Passenger Rail

First Great Western accused of rorting customers

Newbury railway station. Photo: Chris J Wood / Creative Commons

A Channel 4 sting operation has triggered an uproar in the British media over alleged ticket rorting by rail operator First Great Western.

Channel 4’s program Dispatches sent an undercover reporter for training at Newbury station in Berkshire, roughly 80km west of London, as part of a documentary on passenger rail aired on June 1.

A trainer from First Great Western, which manages over 200 British railway stations including Newbury, reportedly told the undercover journalist not to offer customers the cheapest ticketing option in some cases.

For some journeys, a single ticket each way is cheaper than a return ticket. In other cases, a journey that is split into two smaller trips can be cheaper than a single ticket.

While customers are allowed to use these ticketing options, they are not always offered those options by the person selling the ticket, the program alleged.
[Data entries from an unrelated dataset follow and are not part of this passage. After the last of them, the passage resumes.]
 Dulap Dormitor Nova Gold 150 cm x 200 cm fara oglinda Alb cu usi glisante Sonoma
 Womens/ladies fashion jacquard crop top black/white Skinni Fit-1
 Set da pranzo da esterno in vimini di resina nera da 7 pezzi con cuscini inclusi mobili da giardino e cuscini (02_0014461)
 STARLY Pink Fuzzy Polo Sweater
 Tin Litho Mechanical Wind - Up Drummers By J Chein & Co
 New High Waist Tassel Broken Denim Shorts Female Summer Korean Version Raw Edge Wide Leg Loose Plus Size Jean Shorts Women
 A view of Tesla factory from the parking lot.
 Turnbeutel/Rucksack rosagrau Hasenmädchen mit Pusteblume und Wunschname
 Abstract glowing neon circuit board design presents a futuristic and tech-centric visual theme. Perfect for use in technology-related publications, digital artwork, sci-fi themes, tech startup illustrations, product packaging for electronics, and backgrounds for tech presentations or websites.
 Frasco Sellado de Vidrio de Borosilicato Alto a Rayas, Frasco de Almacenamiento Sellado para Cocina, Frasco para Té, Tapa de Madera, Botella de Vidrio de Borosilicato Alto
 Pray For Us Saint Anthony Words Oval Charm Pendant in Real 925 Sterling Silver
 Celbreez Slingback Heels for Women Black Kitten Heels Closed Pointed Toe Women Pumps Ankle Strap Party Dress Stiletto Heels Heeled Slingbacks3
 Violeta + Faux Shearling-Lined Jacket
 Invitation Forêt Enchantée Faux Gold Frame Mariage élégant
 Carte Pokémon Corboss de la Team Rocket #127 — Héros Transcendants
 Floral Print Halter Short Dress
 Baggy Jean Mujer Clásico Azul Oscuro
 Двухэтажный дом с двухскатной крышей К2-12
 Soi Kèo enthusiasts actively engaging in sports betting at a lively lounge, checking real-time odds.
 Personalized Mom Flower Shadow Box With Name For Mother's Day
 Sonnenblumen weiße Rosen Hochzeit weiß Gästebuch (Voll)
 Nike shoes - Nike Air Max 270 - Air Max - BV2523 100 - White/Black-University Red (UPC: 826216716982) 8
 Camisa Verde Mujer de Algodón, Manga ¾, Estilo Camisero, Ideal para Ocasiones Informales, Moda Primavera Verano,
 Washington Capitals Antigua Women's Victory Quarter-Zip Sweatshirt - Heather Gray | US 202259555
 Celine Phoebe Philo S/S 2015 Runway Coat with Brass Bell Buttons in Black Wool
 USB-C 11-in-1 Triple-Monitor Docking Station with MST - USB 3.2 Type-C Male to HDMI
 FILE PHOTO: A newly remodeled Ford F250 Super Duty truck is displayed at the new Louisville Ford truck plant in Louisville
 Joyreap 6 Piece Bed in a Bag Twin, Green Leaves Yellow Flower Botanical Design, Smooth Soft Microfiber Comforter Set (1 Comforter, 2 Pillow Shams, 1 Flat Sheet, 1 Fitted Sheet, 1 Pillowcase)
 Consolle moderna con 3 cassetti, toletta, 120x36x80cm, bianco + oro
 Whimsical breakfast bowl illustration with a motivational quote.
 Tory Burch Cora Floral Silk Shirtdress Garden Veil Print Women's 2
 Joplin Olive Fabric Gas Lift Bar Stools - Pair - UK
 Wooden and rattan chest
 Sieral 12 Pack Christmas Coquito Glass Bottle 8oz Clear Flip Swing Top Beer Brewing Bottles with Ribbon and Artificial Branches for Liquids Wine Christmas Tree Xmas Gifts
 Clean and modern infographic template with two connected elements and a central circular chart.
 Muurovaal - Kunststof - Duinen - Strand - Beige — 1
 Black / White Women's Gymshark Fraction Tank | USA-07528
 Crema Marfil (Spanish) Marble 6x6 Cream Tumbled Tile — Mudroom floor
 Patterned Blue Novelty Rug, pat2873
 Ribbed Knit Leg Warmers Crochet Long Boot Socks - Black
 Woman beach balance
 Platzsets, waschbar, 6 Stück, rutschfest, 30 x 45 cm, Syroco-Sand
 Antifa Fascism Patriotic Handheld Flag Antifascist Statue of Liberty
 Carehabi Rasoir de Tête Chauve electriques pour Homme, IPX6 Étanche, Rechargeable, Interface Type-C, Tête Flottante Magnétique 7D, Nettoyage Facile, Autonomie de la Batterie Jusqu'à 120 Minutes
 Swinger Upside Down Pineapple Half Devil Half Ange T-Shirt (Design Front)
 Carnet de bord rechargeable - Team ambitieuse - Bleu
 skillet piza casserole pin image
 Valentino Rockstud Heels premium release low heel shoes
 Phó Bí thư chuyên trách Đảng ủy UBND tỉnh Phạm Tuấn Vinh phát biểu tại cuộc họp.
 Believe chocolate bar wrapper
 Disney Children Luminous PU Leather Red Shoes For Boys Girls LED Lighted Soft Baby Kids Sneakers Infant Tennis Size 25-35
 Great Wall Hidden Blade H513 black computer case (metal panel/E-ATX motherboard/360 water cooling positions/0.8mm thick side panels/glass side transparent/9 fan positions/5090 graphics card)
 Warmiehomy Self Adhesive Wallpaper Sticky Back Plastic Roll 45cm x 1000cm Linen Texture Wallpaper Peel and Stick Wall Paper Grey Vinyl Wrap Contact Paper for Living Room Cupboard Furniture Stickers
One exchange captured through a covert recording by the reporter showed evidence of such a claim:

Trainer: “From Reading to London it’s cheaper to do a single in and a single back. Fact, alright? However, don’t do it, ‘cos it’s about £2 difference, and you’re just causing problems for everybody else. Okay, because if you do it, what’s the customer going to expect every day? Everybody to do it.’

Undercover reporter: “But shouldn’t we really do it, because £2 a day, that’s £10 a week?”

Trainer: “There’s a line to draw. There’s a line to draw guys and that’s one we do draw because £2, yes, I understand where you’re coming from, absolutely, but we draw a line.”

This trainer reportedly came back to the undercover reporter later in the day to correct himself, saying ticket operators should follow Association of Train Operating Company rules and offer customers the best deal.

But there was more controversy on the subject of split tickets. In one exchange with her colleagues, split ticketing (which is a legal option for customers), was described as a ‘secret’ option:

Undercover reporter: “In training they said that we shouldn’t split tickets.”

Colleague #1: “If they ask then we have to.”

Undercover reporter: “Yeah if they ask, yeah, but you know how sometimes it’s cheaper to – “

Colleague #2: “– a hell of a lot cheaper, but we can’t ever say.”

Reporter: “Why?”

Colleague #2: “I don’t know. It’s a secret, apparently. The secret of the  railway.”

When she asked the station’s duty manager later that day to clarify the rules on split tickets, the undercover reporter received the same response. Captured on covert camera:

Undercover Reporter: “[On] the 05:58 to Paddington, if you do a ticket to Slough, and then a ticket from Slough to Paddington…”

Station duty manager: “We can’t do that. That is split ticketing, and we can get into a lot of trouble with the Department of Transport … There are lots of mixed ideas and opinions across the station as to whether we should be doing it or shouldn’t be doing it. But the actual rules are that we don’t do it unless the customer specifically asks for it.”

Dispatches reportedly spoke to the Department of Transport, however, and says it was told operators would not get into trouble for offering split tickets.

David Sidebottom, from independent transport user watchdog Transport Focus, said the footage showed the ticketing system needs to be simplified.

“The culture in train operating companies generally needs to be about them probing you about what you want, rather than you probing the ticket office clerk. So that’s disappointing,” Sidebottom told Dispatch.

“We want to see the standard raised … [cheap tickets] shouldn’t be a secret. This is about giving good value back.”

Despite the contrary information from the Department of Transport, Dispatch was reportedly told by First Great Western that the information explained to the undercover reporter regarding split ticketing, “accurately reflect the rules every train operator must follow”.

First Great Western reportedly expressed a desire to have the ticketing process reviewed, to make “the ticket buying process simpler and clearer”.